§ Task statement
Your task is to transcribe exactly, and only, the lines running from the one with "Used 2023 Nissan" to the end of the listing below, inclusive, with every picture left out.

§ Collected data
*** Block opens ***

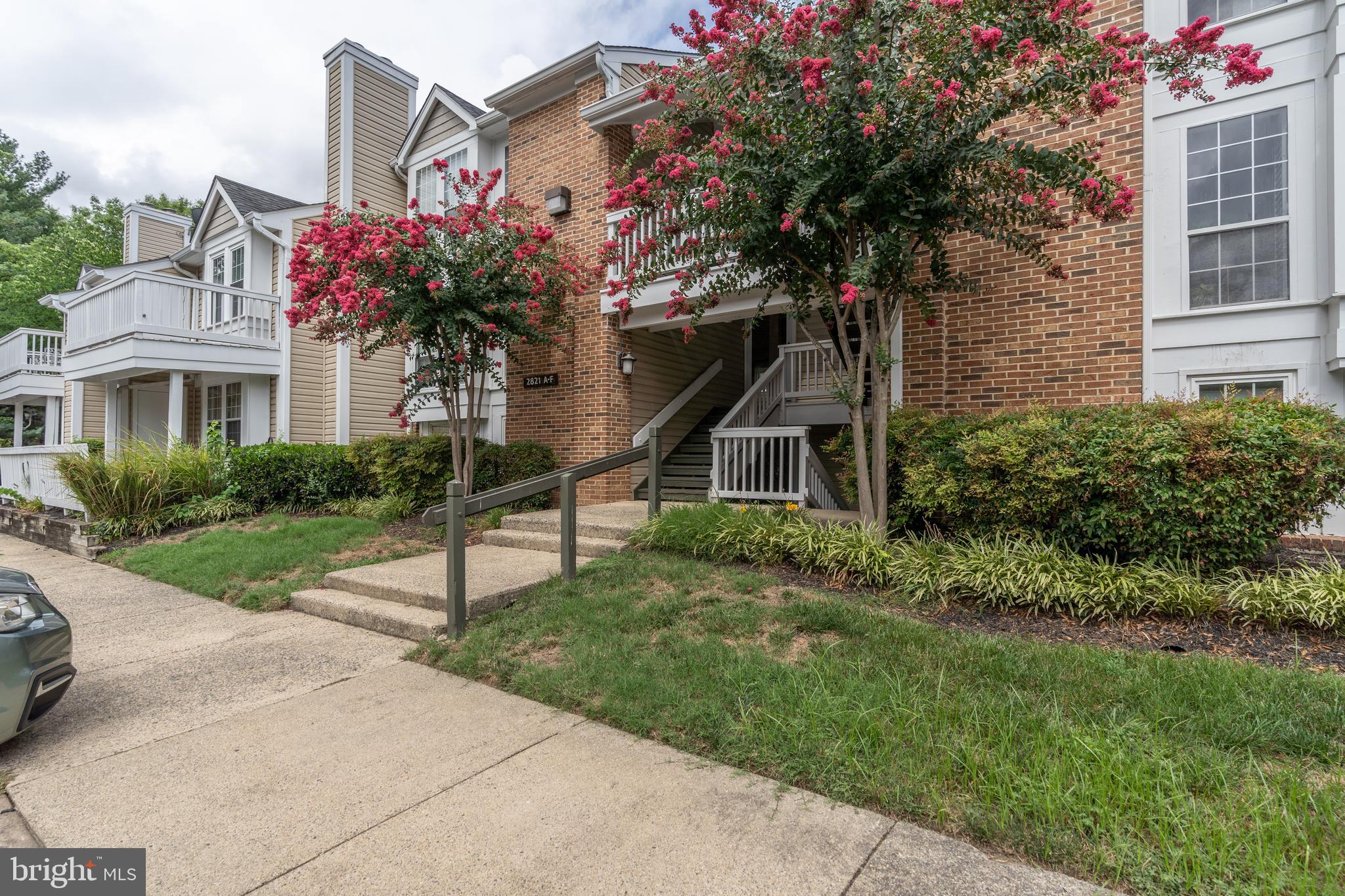 2821 S WAKEFIELD STREET B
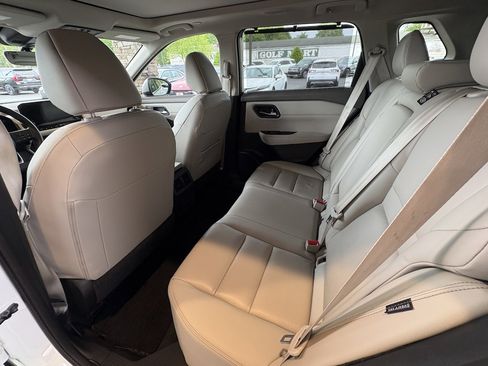 Used 2023 Nissan Rogue SL w/ SL Premium Package FWD image 25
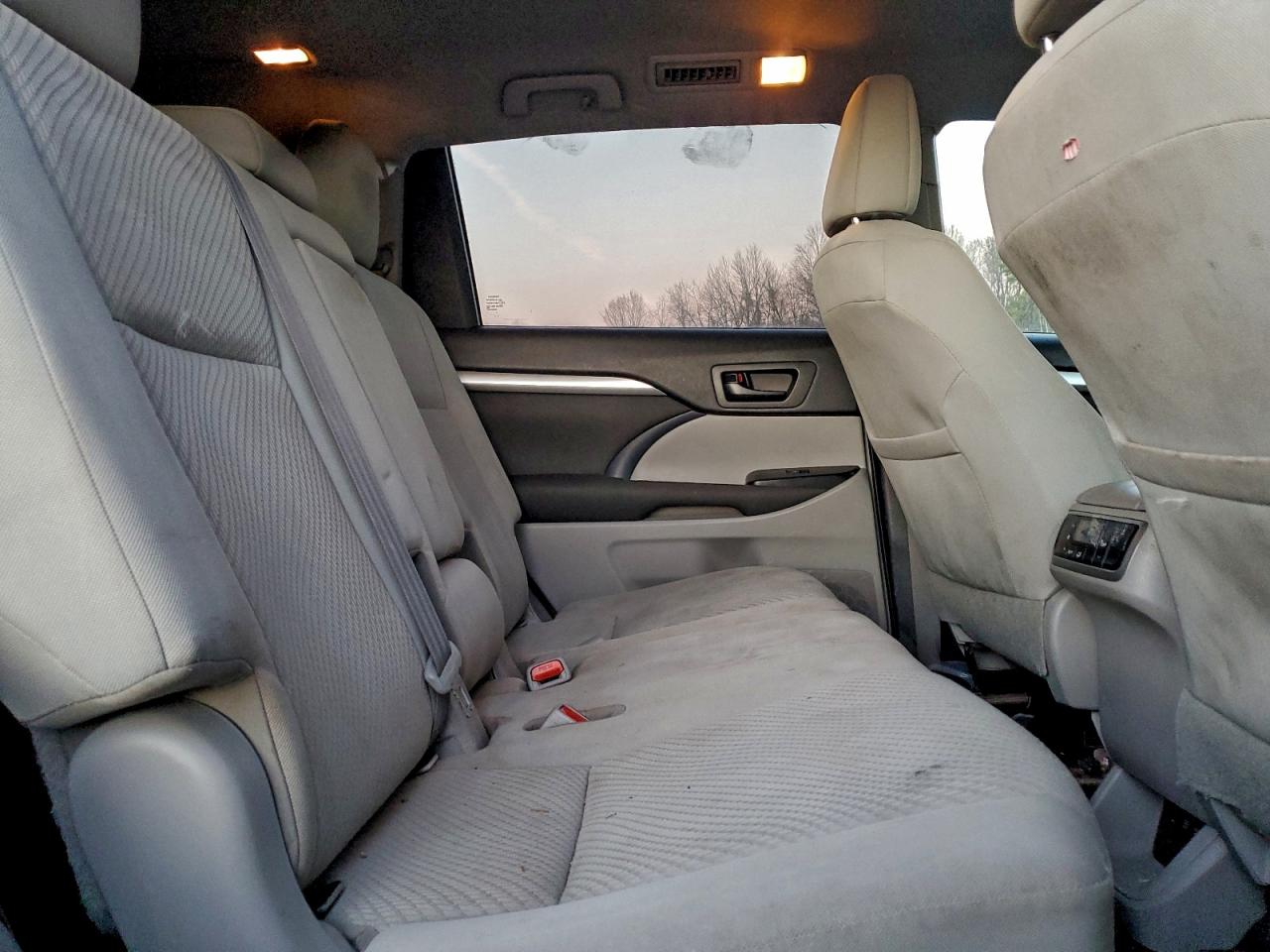 2019 TOYOTA HIGHLANDER LE photo 21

*** Block closes ***

§ Exercise result
 Used 2023 Nissan Rogue SL w/ SL Premium Package FWD image 25
 2019 TOYOTA HIGHLANDER LE photo 21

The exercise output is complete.